TASK TO COMPLETE: Restate all the lines below word for word, but omit the pictures.

PROVIDED MATERIAL:

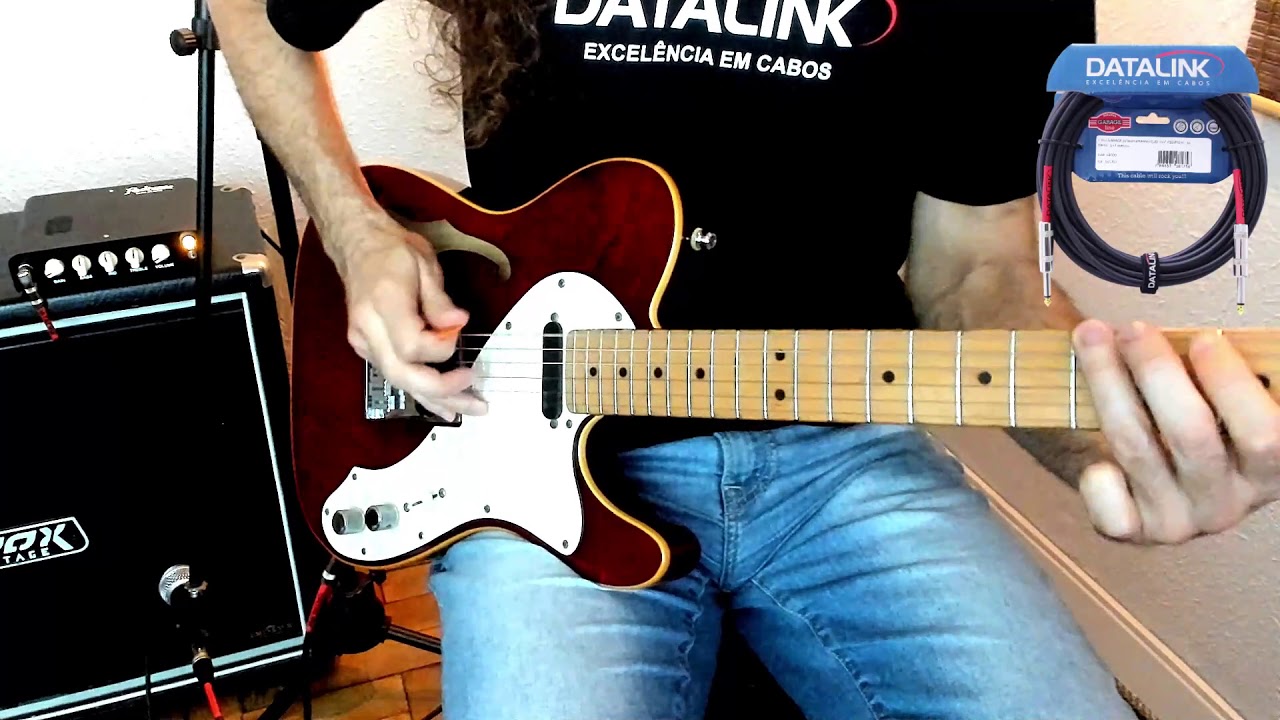 CONHEÇA AS PRINCIPAIS DIFERENÇAS: CABOS DE GUITARRA DATALINK|  Garage/ Revolution e POP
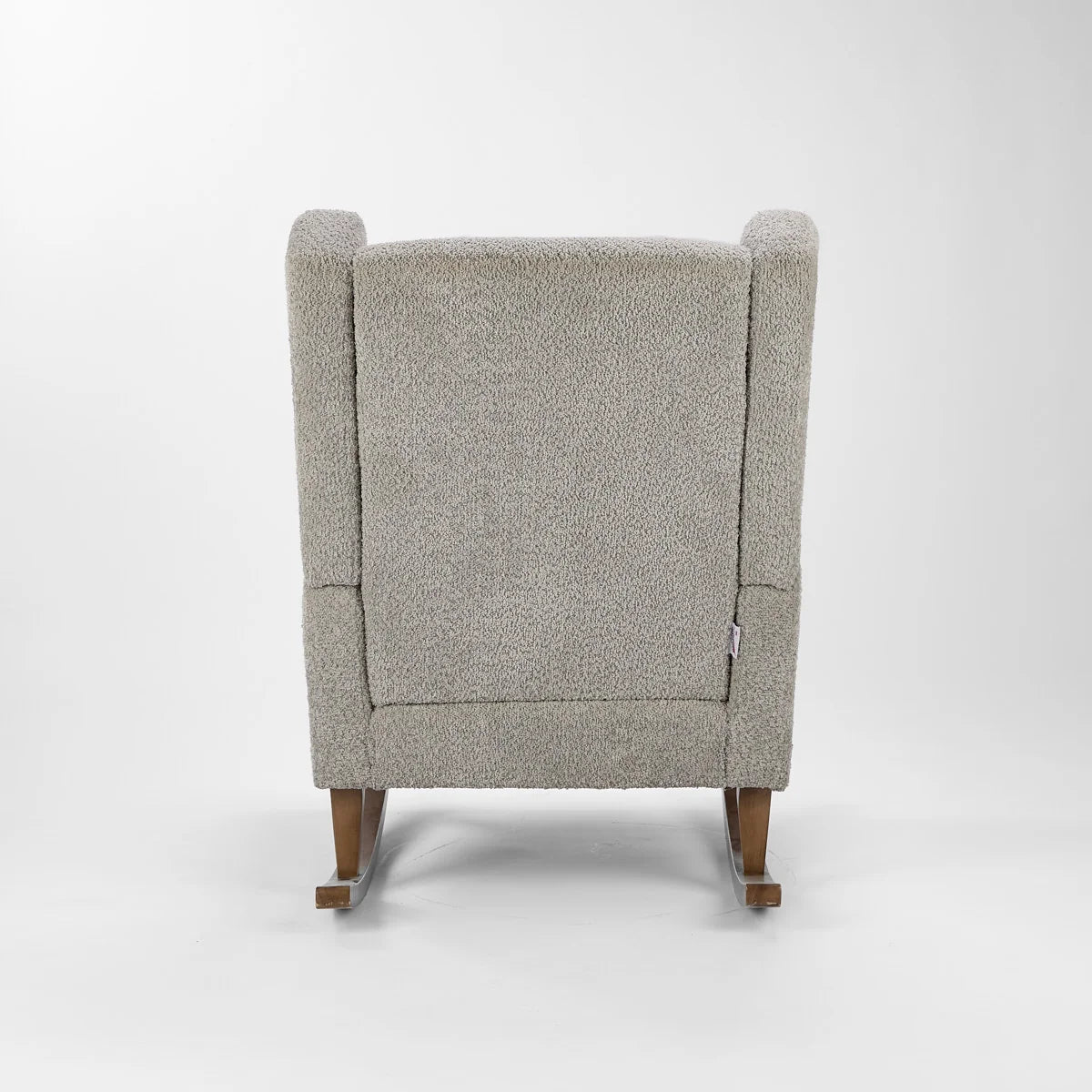 Tutti Bambini Harper Wingback Rocking Chair & Footstool - Cloud Grey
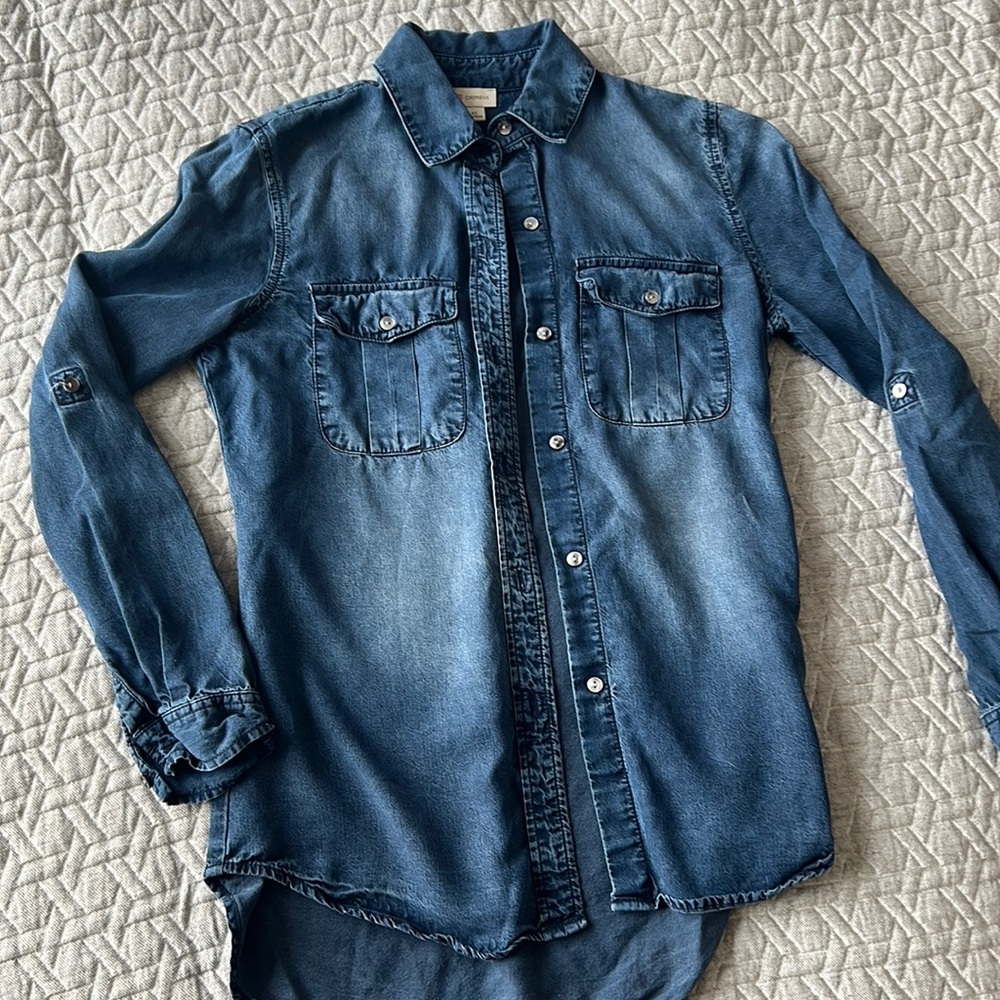 Cremieux Dark Indigo Tencel Shirt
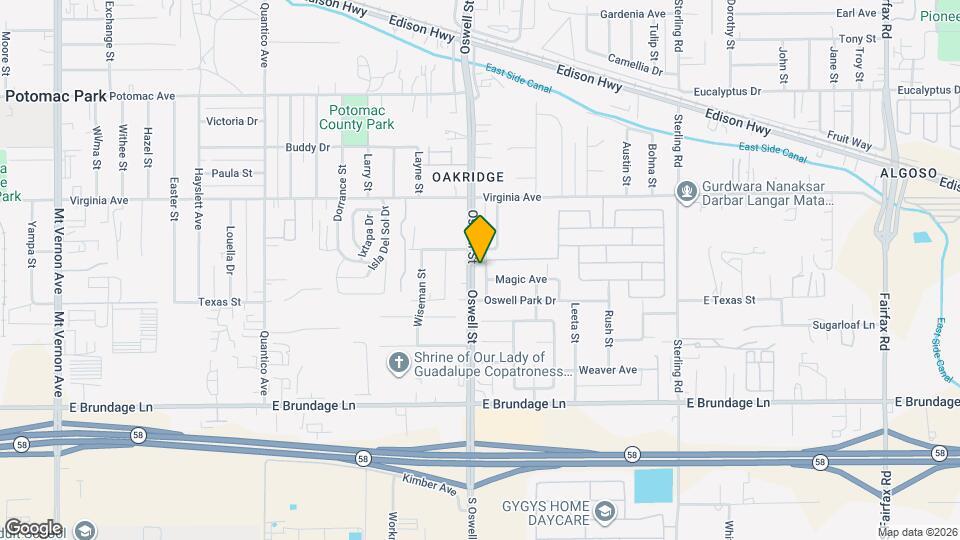 524 Dunninger St Map and Location Details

PROBLEM SOLUTION:
 CONHEÇA AS PRINCIPAIS DIFERENÇAS: CABOS DE GUITARRA DATALINK|  Garage/ Revolution e POP
 Tutti Bambini Harper Wingback Rocking Chair & Footstool - Cloud Grey
 Cremieux Dark Indigo Tencel Shirt
 524 Dunninger St Map and Location Details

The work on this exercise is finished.